Les actions émergentes et japonaises, qui restent sur une sous-performance, sont susceptibles de renverser la vapeur.
Les valeurs cycliques ont le vent en poupe

Les investisseurs semblent prêts à faire abstraction des accès de volatilité alimentés par le spectre de l'inflation. Le S&P 500 a progressé de 0,6% en mai tandis que l'indice MSCI All Country World a grimpé de 1,3%. Le rendement des bons du Trésor américain à dix ans est resté à peu près stable à 1,59%, contre 1,63% à la fin avril et l'indice VIX se situe à 16,7 contre 19 à la fin avril.

La hausse a été tirée par les secteurs cycliques et décotés. Les matériaux, l'énergie et la finance se sont adjugés respectivement 3,6%, 5,1% et 4,8% en mai, tandis que les technologies de l'information (-1,2%) et les services de communication (-0,3%) ont terminé dans le rouge.

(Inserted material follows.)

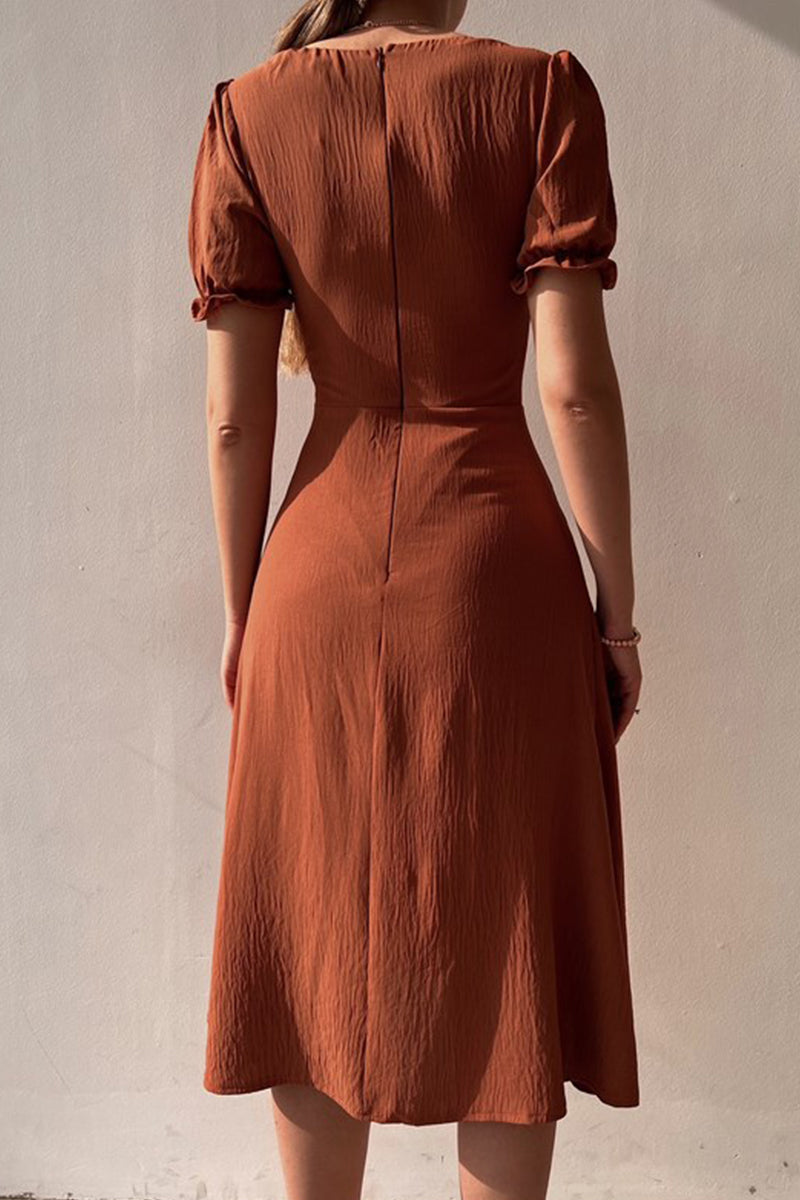 Women's A-Line Dress with V-Neck and Slit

Ne pas négliger le potentiel de rattrapage

Même si les actions mondiales se situent désormais environ 20% au-dessus des sommets d’avant la pandémie, la forte croissance des bénéfices, conjuguée aux valorisations raisonnables compte tenu de la persistance de faibles rendements obligataires, suggère que le potentiel de progression des actions n'est pas épuisé.

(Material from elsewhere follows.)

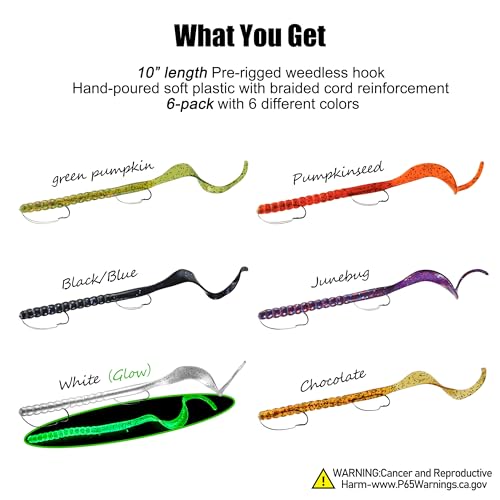Weedless Fishing Lures Bass Lures (6 Pcs - Glow White, Pumpkin Seed, Green Pumpkin, Black Blue, Junebug, Chocolate)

D'un point de vue sectoriel, la Recherche d’UBS confirme sa préférence pour l'énergie et la finance. En effet, leur valorisation et l'environnement macroéconomique porteur suggèrent qu'il existe encore un potentiel de rattrapage après une nette sous-performance début 2021.

Au niveau géographique, les actions émergentes et japonaises, qui restent sur une sous-performance, sont susceptibles de renverser la vapeur étant donné leur valorisation attrayante et leur sensibilité à la reprise économique mondiale.